Os autores do estudo debatem diferentes métodos para medir o volume deste comércio ilícito e exploram as ações judiciárias adotadas a nível nacional e internacional contra o tráfico de bens culturais. Ao mesmo tempo, identificam os desafios com que as autoridades policiais se deparam quando adotam medidas eficazes.
Projetos em curso selecionados
PITCHER — Prevenir o tráfico ilícito de património cultural: Recursos educativos
A UE apoia a criação de material didático sobre a proteção do património cultural através do Programa Erasmus+. O objetivo geral do projeto PITCHER é conceber e testar um conjunto de recursos educativos abertos para que os professores possam preparar novas experiências de aprendizagem que apoiem a luta contra a pilhagem e o tráfico ilícito de bens culturais.
Três projetos receberam uma subvenção ao abrigo do agregado 2 «Cultura, criatividade e sociedade inclusiva» do Programa Horizonte Europa para o período de 2023-2025.

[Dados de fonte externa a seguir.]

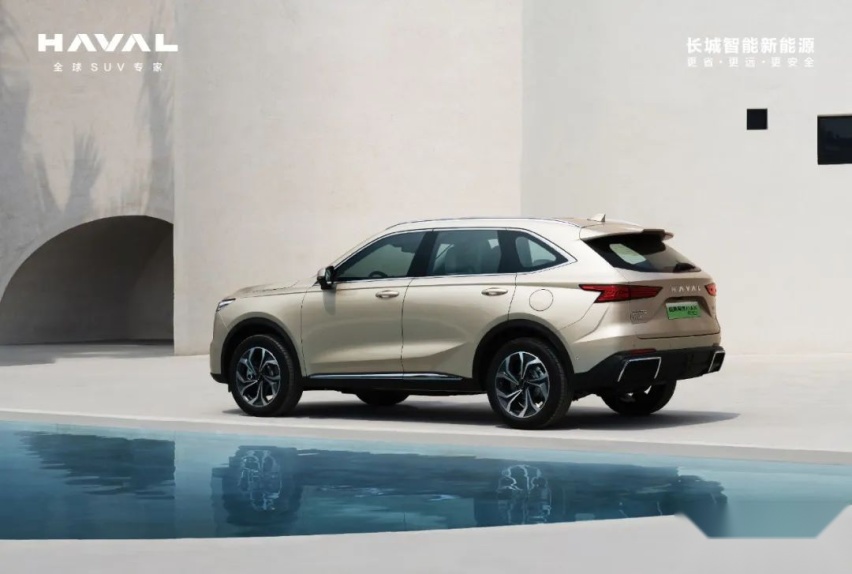 卷王来了!15万入手插混四驱中型SUV,17万买5米旗舰家轿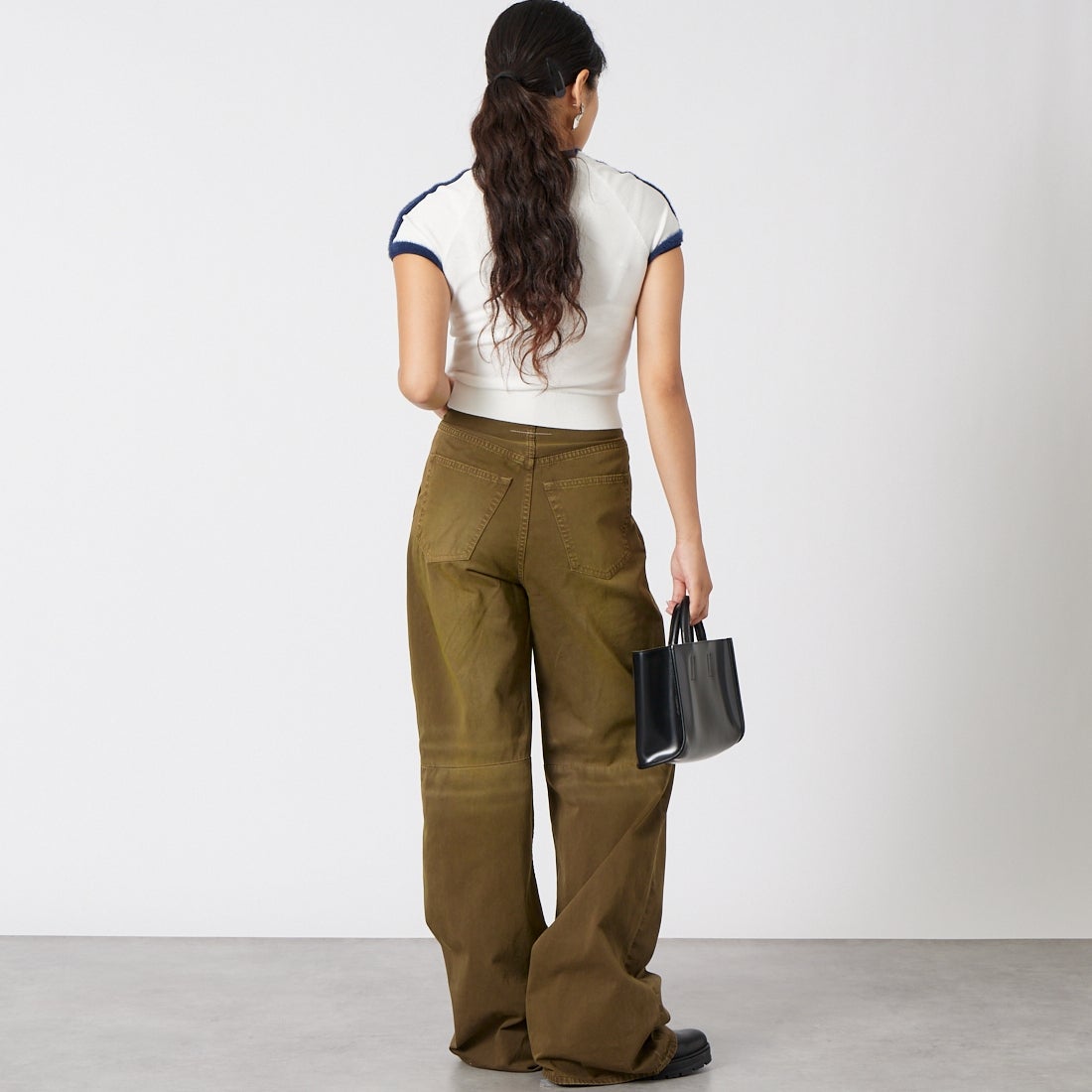 MM6 Maison Margiela [エムエムシックス メゾン マルジェラ] ワイドレッグジーンズ [S52LA0269-M35435] 137 BROWN &&モデル身長：162cm 着用サイズ：24&&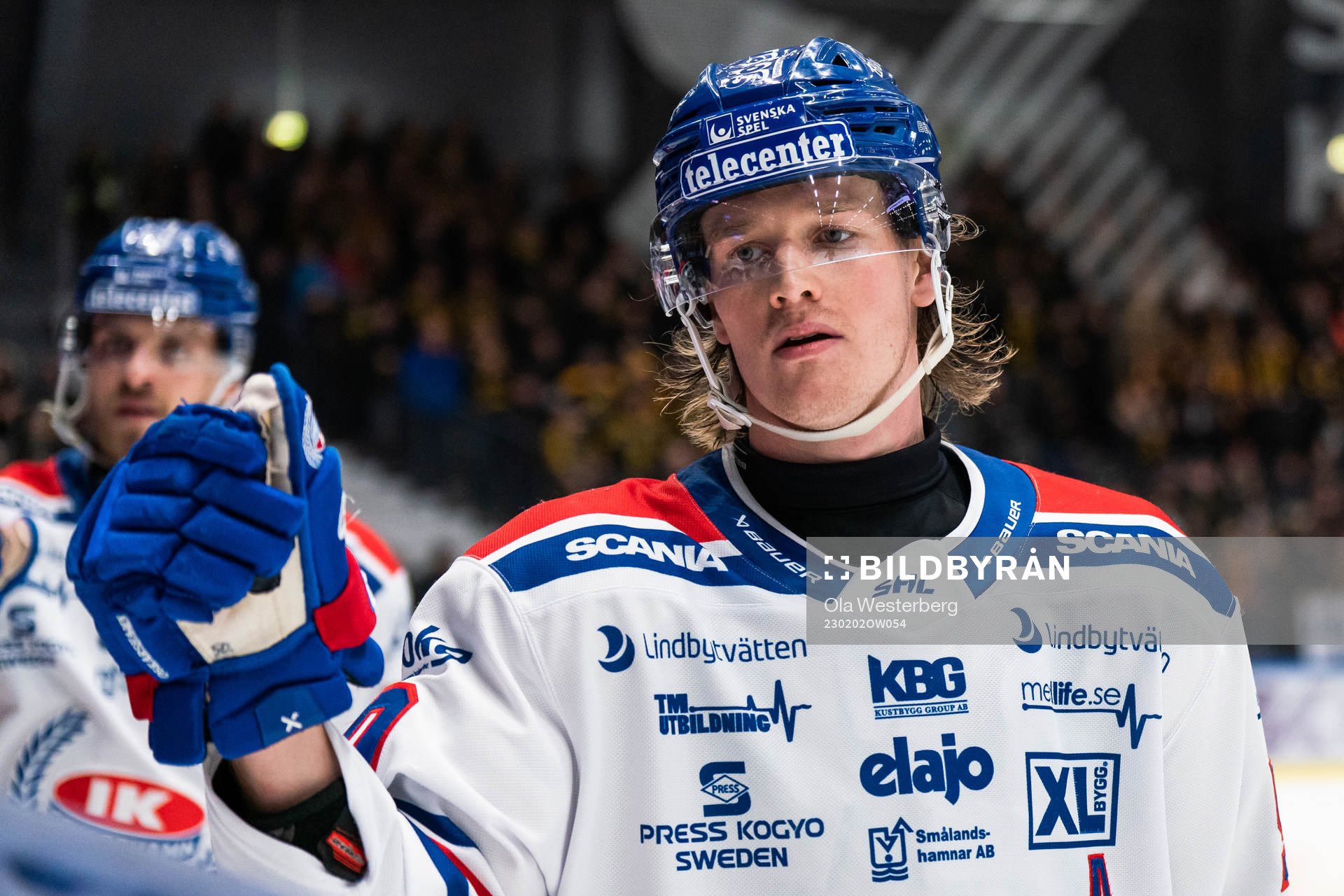 Oskarshamns Juuso Riikola jublar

ENIGMA — Preservar, proteger e gerir a proveniência do património cultural
O ENIGMA deve alcançar a excelência na proteção dos bens e artefactos culturais contra ameaças de origem humana, contribuindo para a identificação, rastreabilidade e investigação da proveniência dos bens culturais, bem como salvaguardando e monitorizando os sítios patrimoniais ameaçados. Os objetivos do ENIGMA destinam-se a ajudar as partes interessadas envolvidas a responder melhor a este problema complexo e multidimensional e a impulsionar a colaboração ativa, promovendo e permitindo a interligação de bases de dados e a implantação de medidas preventivas baseadas em dados concretos.

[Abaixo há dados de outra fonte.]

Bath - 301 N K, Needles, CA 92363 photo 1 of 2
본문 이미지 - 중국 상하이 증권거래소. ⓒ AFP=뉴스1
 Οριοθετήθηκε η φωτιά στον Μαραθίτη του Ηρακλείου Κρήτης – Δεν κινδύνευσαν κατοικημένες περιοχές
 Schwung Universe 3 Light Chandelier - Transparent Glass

AURORA — Reconhecimento e rastreio únicos de obras de arte através de dados codificados quimicamente, dispositivos miniaturizados e alianças de cadeias de blocos
O projeto AURORA visa demonstrar de que forma a marcação química, os dispositivos miniaturizados, as técnicas de análise profunda e as plataformas de computação em nuvem e de cadeia de blocos podem ser combinados para criar uma contramedida eficaz em termos de custos, não destrutiva e não invasiva contra atividades ilegais, preservando simultaneamente os artefactos. As tecnologias investigadas e implementadas no AURORA convergirão numa ferramenta digital que permitirá às partes interessadas, aos negociantes de arte, aos curadores, às casas de leilões, aos serviços logísticos e aos agentes de execução pertinentes verificar facilmente a autenticidade e a proveniência das obras de arte, permitindo o rastreio dos seus movimentos.

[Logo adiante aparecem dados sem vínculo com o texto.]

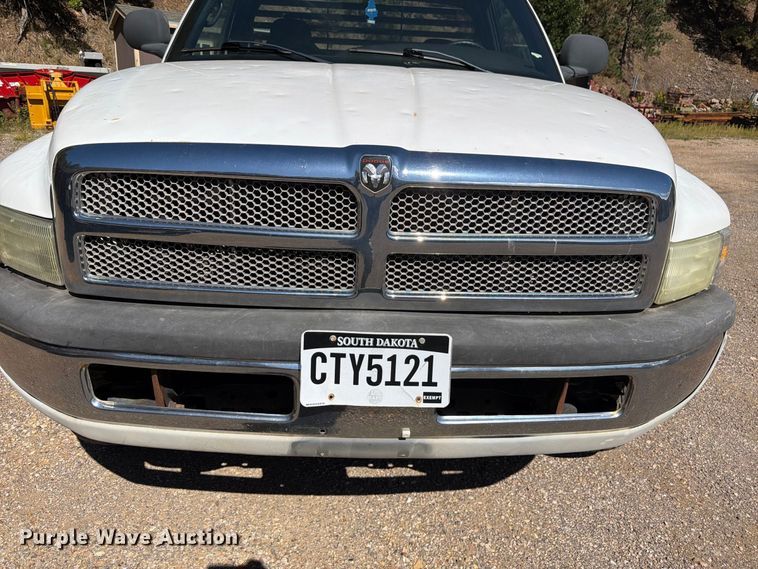 image for item FM7651 2002 Dodge Ram 2500 flatbed pickup truck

ANCHISE — Aplicar novas soluções para a proteção do património cultural através de uma participação inovadora, científica, social e económica
Aliando a metodologia de ligação em rede aos resultados inovadores de novos desenvolvimentos tecnológicos (3D/fotogrametria para monitorização de sítios, engenharia de dados e IA para a identificação de objetos nos controlos das fronteiras e a proteção de coleções de património, assinatura de fluorescência espetral para autenticação de objetos), o ANCHISE criará um conjunto operacional de ferramentas aplicáveis aos contextos europeus e replicáveis noutras situações no estrangeiro. O objetivo do projeto é encontrar soluções coordenadas para as principais necessidades existentes no domínio da proteção do património cultural: 1) Compreender, 2) Prevenir, 3) Agir, 4) Reparar.
Projetos anteriores
NETCHER
A ideia do projeto «NETCHER — NETwork and digital platform for Cultural Heritage Enhancing and Rebuilding» (Rede e plataforma digital para a reconstrução e a consolidação do património cultural) começou a tomar forma após os atentados terroristas de Paris, no final de 2015. As investigações criminais demonstraram que o tráfico de antiguidades é uma importante fonte de financiamento do terrorismo internacional.
Os participantes neste projeto criaram uma rede europeia de operadores relevantes e uma carta europeia de boas práticas para combater eficazmente o tráfico ilícito de antiguidades. A UE financiou este projeto através do Programa Horizonte 2020.